CHICAGO — A police brutality scandal that remains one of the most shameful episodes in the history of Chicago and continues to haunt the city decades after it ended is about to become a topic taught to every student in the nation's third largest school district.

On Monday, the Chicago Public Schools announced that it had launched last year a pilot program in six schools in which students were taught about police torture inflicted on African American suspects for years by a group of detectives under the command of former Police Commander Jon Burge.

The story of what happened — the dozens of men who were tortured into confessing of crimes they didn't commit — will be part of the curriculum for every 8th grader and high school freshmen in the city's public schools.

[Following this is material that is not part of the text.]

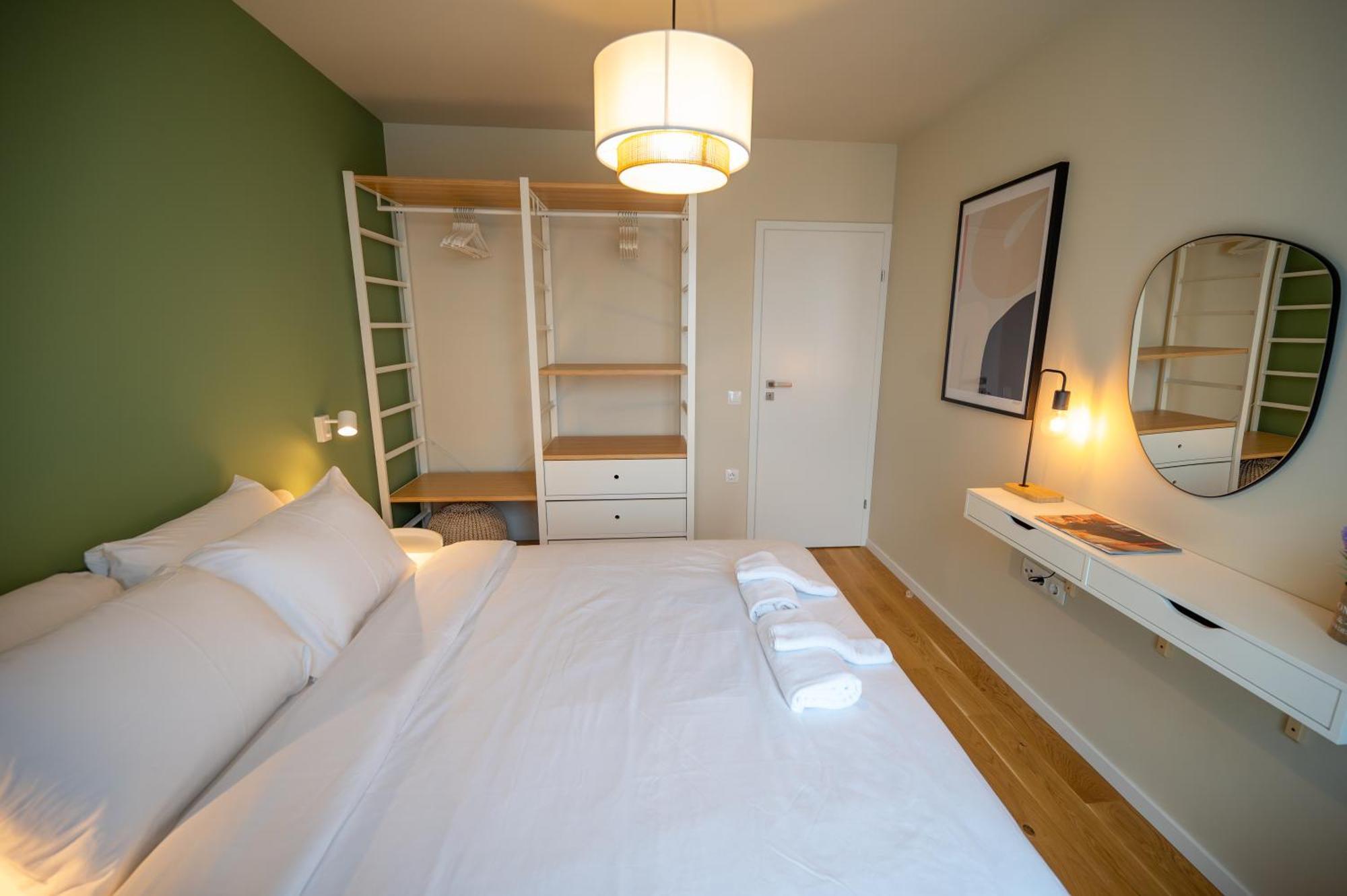Design 1Bdr Apartment Near City Center София Экстерьер фото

The rollout comes more than two years after the City Council approved an ordinance that called for the city to pay $5.5 million in reparations to the torture victims, issue a formal apology, provide other benefits such as free tuition to the victims and their families, and teach the students of the city about the scandal.

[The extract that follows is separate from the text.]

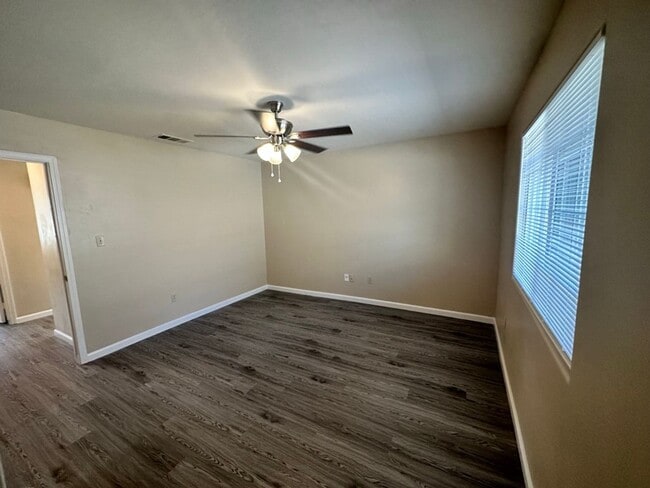438 Willow Dr in Bakersfield, CA - Building Photo - Building Photo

At a news conference, educators and others including the torture victims themselves said it was especially important to roll out the curriculum at a time when the city's police are trying to win back public trust that was shattered with the 2015 release of a video of a white police officer fatally shooting black teen Laquan McDonald 16 times. It also comes at a time when the U.S. is confronted by rising white nationalism.

"With racial tension happening across the United States, this program allows students to have a comfortable forum to discuss (the scandal) and share their ideas," said Alene Mason, a principal at one of the six schools that took part in last year's pilot program.

Darrell Cannon, who has told of having his genitals shocked by Burge and his men with an electric cattle prod, said the curriculum will help the students not only learn about the past, but help understand more recent incidents, including the McDonald shooting. "If you know about the past and the Jon Burges, then you can make sense of how some police officers till ill felt emboldened to treat us any kind of way," he said.

In fact, the reparations are part of a larger effort to regain public trust in the department that eroded over the years, in large part because of stories about how Burge and his detectives shocked black suspects with cattle prods or beat them with phone books until they gave false confessions in the 1970s until the early 1990s. And what happened has continued to make news, both as Burge was ultimately convicted of lying about the torture and as the price tag for the scandal has climbed past $100 million as the city has lost or settled lawsuits.

The students will learn about the torture that devastated lives and tore families apart — and will hear from the victims themselves about what they and their families endured. Students will also learn about the failures of the police department and other officials that allowed the torture to go on for years as well as efforts by community groups and others that ultimately helped win the release of torture victims from prison.